How fed up are the 99% with income inequality, tax loopholes for the rich and cuts to vital services?
Even the threat of a hurricane couldn’t keep them from descending on Tampa yesterday, the eve of the 2012 Republican National Convention.
Fired up and ready to restore economic balance to the country, activists rallied in Gaslight Park in downtown Tampa with signs, vuvuzelas, music, and chants. Under the threat of looming clouds, they took their messages along barricaded streets to the perimeter of the Tampa Bay Times Forum—the facility where the RNC will kick off later this week.

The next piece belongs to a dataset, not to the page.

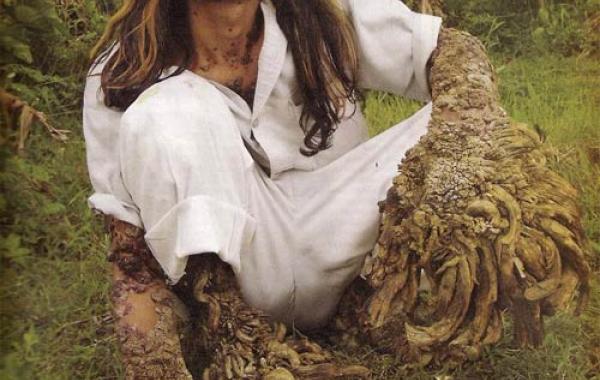 История человека - дерево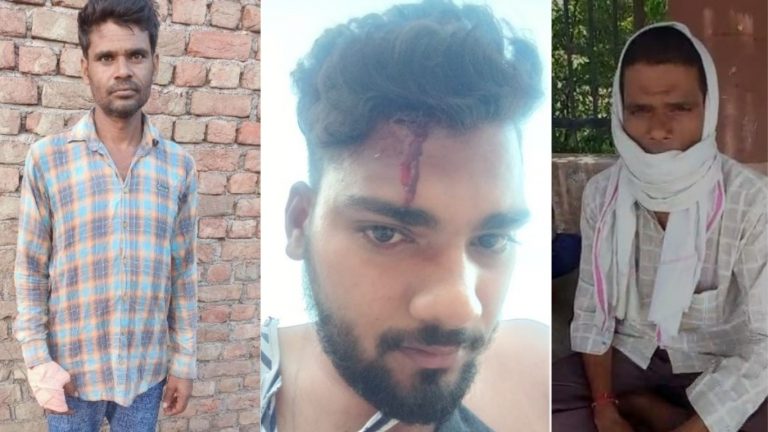 मेवात: मुस्लिम युवकों के गिरोह ने दलित राहुल के सिर पर मारा फरसा, कहा- ‘यहाँ रहना है तो जूती के नीचे रहना होगा’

Hundreds of community members, working families, and activists simultaneously attached protest signs to a chain-link fence overlooking the convention center. The message was loud and clear: “We are the 99% and we are watching.”
Later in the same afternoon, activists joined forces once again to say enough is enough. Community members, faith leaders, working families, and minimum-wage earners marched to Tropicana Field, where the 1% were wining and dining at a ritzy cocktail party—at the expense of tax payers.
“I’m from a two-income family and we are not making ends’ meet. I’ve had to go hungry to feed my children. Everyone I know is struggling,” said Rachel Rai of Springfield, Ill. “The drastic difference between classes is just too much and I’m here to do something about it.”